Short text fragments from websites
=======

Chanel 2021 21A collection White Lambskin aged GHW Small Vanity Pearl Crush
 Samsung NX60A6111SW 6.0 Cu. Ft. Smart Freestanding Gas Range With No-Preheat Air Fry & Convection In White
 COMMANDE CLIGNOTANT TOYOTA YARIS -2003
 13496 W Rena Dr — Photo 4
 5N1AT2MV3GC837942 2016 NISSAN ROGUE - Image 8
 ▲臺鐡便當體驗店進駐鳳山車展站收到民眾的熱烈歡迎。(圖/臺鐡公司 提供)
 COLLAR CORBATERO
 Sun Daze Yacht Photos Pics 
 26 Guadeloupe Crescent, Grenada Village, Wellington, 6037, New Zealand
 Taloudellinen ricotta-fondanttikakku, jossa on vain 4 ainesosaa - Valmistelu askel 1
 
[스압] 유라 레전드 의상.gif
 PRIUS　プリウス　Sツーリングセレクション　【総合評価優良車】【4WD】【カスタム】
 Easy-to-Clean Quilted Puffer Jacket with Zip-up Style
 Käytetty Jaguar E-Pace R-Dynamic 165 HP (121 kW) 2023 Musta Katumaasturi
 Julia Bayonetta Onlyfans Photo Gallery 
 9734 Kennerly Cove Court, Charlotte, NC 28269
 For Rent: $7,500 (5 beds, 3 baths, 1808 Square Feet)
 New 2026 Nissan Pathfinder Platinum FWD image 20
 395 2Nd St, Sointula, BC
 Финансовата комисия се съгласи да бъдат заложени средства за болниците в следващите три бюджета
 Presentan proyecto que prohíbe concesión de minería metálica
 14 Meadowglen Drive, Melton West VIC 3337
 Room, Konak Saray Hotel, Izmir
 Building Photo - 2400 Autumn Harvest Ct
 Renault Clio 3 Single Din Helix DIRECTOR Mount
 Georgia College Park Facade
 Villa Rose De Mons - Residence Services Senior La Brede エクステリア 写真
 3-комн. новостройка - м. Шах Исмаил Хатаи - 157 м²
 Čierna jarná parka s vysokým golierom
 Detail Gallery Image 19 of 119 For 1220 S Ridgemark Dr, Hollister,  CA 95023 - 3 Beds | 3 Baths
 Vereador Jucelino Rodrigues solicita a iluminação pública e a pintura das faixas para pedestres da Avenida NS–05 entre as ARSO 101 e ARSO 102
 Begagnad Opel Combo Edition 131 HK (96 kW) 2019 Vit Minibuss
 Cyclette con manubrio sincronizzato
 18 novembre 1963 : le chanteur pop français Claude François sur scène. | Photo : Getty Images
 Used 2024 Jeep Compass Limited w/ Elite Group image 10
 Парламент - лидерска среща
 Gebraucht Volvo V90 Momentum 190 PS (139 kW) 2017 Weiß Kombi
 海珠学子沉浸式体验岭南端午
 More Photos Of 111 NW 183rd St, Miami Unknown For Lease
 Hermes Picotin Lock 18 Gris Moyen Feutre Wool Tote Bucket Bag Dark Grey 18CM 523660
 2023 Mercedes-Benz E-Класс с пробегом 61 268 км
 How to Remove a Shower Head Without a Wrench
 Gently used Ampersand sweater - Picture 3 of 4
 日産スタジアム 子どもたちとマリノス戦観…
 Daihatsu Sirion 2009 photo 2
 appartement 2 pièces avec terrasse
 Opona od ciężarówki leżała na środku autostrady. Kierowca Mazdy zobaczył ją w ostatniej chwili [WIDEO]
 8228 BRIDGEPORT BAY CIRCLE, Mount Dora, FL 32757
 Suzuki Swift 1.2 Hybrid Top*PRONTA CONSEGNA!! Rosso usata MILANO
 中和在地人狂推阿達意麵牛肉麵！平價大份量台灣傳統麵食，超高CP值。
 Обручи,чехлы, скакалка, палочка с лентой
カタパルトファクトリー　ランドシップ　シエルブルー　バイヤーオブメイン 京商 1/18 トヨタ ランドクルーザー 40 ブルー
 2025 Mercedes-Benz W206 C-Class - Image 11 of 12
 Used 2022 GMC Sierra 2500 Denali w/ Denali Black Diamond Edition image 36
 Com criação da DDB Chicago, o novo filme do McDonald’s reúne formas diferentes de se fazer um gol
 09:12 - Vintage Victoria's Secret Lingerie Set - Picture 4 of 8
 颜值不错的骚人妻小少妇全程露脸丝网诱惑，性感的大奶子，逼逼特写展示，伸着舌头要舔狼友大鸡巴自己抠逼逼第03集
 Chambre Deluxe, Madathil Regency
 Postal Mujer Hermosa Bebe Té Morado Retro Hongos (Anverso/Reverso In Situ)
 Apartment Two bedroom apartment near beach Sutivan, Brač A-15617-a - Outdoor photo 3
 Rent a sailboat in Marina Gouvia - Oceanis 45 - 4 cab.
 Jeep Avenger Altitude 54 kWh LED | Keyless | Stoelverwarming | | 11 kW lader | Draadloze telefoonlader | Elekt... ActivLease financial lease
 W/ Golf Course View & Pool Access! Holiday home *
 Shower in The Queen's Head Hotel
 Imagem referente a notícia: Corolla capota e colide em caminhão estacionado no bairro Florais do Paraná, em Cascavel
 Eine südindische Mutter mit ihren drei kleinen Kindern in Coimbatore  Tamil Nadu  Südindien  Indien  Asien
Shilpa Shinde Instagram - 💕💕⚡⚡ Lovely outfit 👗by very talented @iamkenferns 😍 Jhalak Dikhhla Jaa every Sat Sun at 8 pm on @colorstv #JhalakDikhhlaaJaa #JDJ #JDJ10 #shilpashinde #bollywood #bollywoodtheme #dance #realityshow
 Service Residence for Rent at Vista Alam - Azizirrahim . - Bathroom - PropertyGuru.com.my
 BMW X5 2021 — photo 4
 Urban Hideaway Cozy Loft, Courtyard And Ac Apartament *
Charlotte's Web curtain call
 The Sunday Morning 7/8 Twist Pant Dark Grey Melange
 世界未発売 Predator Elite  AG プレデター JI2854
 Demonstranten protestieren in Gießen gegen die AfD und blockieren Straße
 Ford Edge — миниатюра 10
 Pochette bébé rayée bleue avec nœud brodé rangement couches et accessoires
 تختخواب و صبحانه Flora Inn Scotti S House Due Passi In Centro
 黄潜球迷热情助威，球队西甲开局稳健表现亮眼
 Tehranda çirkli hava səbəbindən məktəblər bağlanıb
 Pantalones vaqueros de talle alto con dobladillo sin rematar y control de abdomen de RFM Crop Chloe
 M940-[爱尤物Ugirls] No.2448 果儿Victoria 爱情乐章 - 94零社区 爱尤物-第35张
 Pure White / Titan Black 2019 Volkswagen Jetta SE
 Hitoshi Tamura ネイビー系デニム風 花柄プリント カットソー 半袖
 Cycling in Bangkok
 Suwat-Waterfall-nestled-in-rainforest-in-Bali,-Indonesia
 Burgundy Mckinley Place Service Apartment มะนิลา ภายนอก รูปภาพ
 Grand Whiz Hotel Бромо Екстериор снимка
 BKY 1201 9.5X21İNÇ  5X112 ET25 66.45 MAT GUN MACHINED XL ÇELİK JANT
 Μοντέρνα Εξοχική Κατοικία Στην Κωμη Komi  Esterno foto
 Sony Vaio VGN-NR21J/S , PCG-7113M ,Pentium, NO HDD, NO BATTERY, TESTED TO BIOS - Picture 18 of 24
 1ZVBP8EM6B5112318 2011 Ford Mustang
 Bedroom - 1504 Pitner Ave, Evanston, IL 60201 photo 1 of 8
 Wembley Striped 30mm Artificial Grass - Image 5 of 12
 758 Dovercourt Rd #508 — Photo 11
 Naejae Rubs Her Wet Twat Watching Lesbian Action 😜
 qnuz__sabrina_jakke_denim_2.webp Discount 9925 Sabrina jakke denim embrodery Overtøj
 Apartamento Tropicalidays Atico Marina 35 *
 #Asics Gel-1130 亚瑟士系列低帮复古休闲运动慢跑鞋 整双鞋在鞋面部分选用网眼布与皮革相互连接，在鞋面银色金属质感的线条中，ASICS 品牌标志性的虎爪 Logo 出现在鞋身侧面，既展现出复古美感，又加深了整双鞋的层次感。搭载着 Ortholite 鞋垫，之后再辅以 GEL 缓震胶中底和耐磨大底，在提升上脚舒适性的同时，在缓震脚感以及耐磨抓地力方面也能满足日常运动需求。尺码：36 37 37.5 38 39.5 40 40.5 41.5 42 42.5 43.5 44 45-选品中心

=======

Retype exactly the lines above, from the one with "Suzuki Swift 1.2" through the one with "颜值不错的骚人妻小少妇全程露", inclusive.

 Suzuki Swift 1.2 Hybrid Top*PRONTA CONSEGNA!! Rosso usata MILANO
 中和在地人狂推阿達意麵牛肉麵！平價大份量台灣傳統麵食，超高CP值。
 Обручи,чехлы, скакалка, палочка с лентой
カタパルトファクトリー　ランドシップ　シエルブルー　バイヤーオブメイン 京商 1/18 トヨタ ランドクルーザー 40 ブルー
 2025 Mercedes-Benz W206 C-Class - Image 11 of 12
 Used 2022 GMC Sierra 2500 Denali w/ Denali Black Diamond Edition image 36
 Com criação da DDB Chicago, o novo filme do McDonald’s reúne formas diferentes de se fazer um gol
 09:12 - Vintage Victoria's Secret Lingerie Set - Picture 4 of 8
 颜值不错的骚人妻小少妇全程露脸丝网诱惑，性感的大奶子，逼逼特写展示，伸着舌头要舔狼友大鸡巴自己抠逼逼第03集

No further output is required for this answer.